Manchmal kann es ganz still auf den Portalen werden, manchmal ganz
wild.
Themen, welche immer wieder mal auftauchen, sind Internetregulation,Menschenrechtsverletzung, und auch gerne Internet-Piraterie. Meistens taucht eine Diskussion als Reaktion auf einen Artikel oder ein Geschehen auf.
Haben Sie das Gefühl, dass Anonymous die Aufstände und
Proteste in der arabischen Welt beeinflusst und inspiriert
haben könnte?
Ich glaube nicht, dass sie es hervorgerufen haben. Aber sie haben
auf jeden Fall dafür gesorgt, dass dem Thema mehr Aufmerksamkeit
seitens des Westens unterstützt wird. Für viele ist Anonymous eine
Art Portal für politische Aufrufe geworden.
Inwiefern spiegeln Ihre drei Hauptcharaktere das
Phänomen Anonymous wieder?
Die richtige Stärke von Anonymous besteht nicht darin, sich in
Massen zu sammeln, wie sie es 2010 bei den Attacken auf Mastercard
und Paypal getan haben, sondern darin, sich in kleinen Grüppchen zu
mobilisieren.
Meine Hauptcharaktere zeigen das relativ schön. Sie unterscheiden sich alle in ihren Eigenschaften und Talenten. Sabu war ein fantastischer Hacker und irrsinnig sozial kompetent; sein Charakter hatte Führerqualitäten. Kayla war ein freier Geist, ein exzellenter Hacker und äußerst gut vernetzt. Topiary war zwar kein so guter Hacker wie die anderen beiden, dafür aber ein ganz besonders talentierter Vermarkter der Gruppe.
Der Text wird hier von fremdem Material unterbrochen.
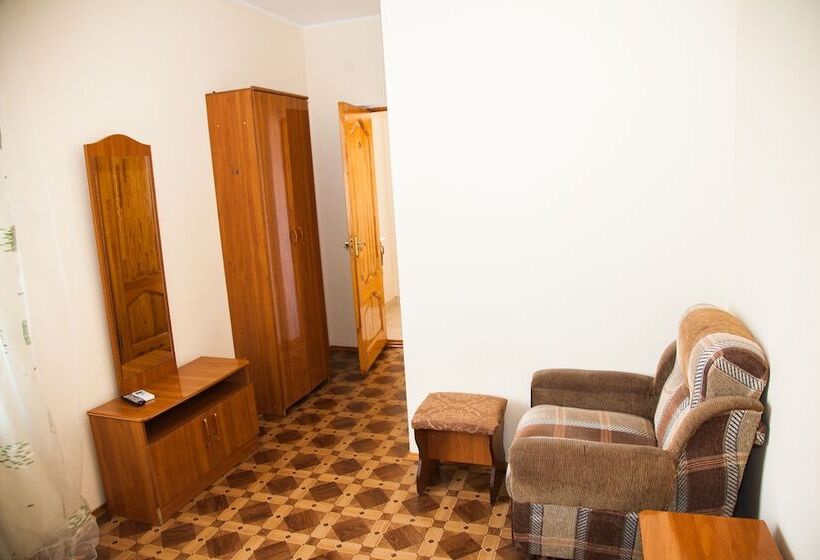 اتاق استاندارد, Leto Guest House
Wie sieht die Zukunft von Anonymous aus?
Schwer zu sagen. Bisher wurden viele festgenommen, aber noch nicht
verurteilt. Man wartet immer noch ab, was mit den Jungs von Pirate
Bay passiert; an denen wird meines Erachtens nach ein Exempel
statuiert. Je nach dem, wie das Verfahren abläuft, entwickelt sich
dann auch Anonymous in irgendeine Richtung.
Geht es den Mitgliedern von Anonymous denn wirklich
darum ihr Umfeld zu manipulieren, oder vielleicht auch darum,
Zuflucht in einer digitalen Gemeinschaft zu finden und sich hinter
einem virtuellen Avatar zu verstecken?
Ich glaube darum geht es im Internet sowieso. Bei Anonymous ist das
nicht anders; als Mitglied einer Gemeinschaft fühlt man sich
allerdings noch etwas wichtiger. Die aktivsten Anons waren im
echten Leben sehr unsicher, vorwiegend junge Männer ohne Jobs.
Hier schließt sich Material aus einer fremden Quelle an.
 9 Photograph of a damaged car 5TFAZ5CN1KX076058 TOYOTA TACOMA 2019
Anonymous ist nicht wegen der Hacker-Kultur so erfolgreich, sondern weil es für viele Leute eine Art Zuhause darstellt. Eine Welt, die sie verstehen, eine Gemeinschaft, in der sich sich wohl fühlen.
"Inside Anonymous: Aus dem Innenleben des globalen Cyber-Aufstands" ist jetzt auch in Deutschland erhältlich. Autorin Parmy Olson ist seit 2008 Leiter des Forbes Magazine Büros in London. Vor Ihrer Karriere bei Forbes war sie beim BBC und als Radio- Journalistin tätig.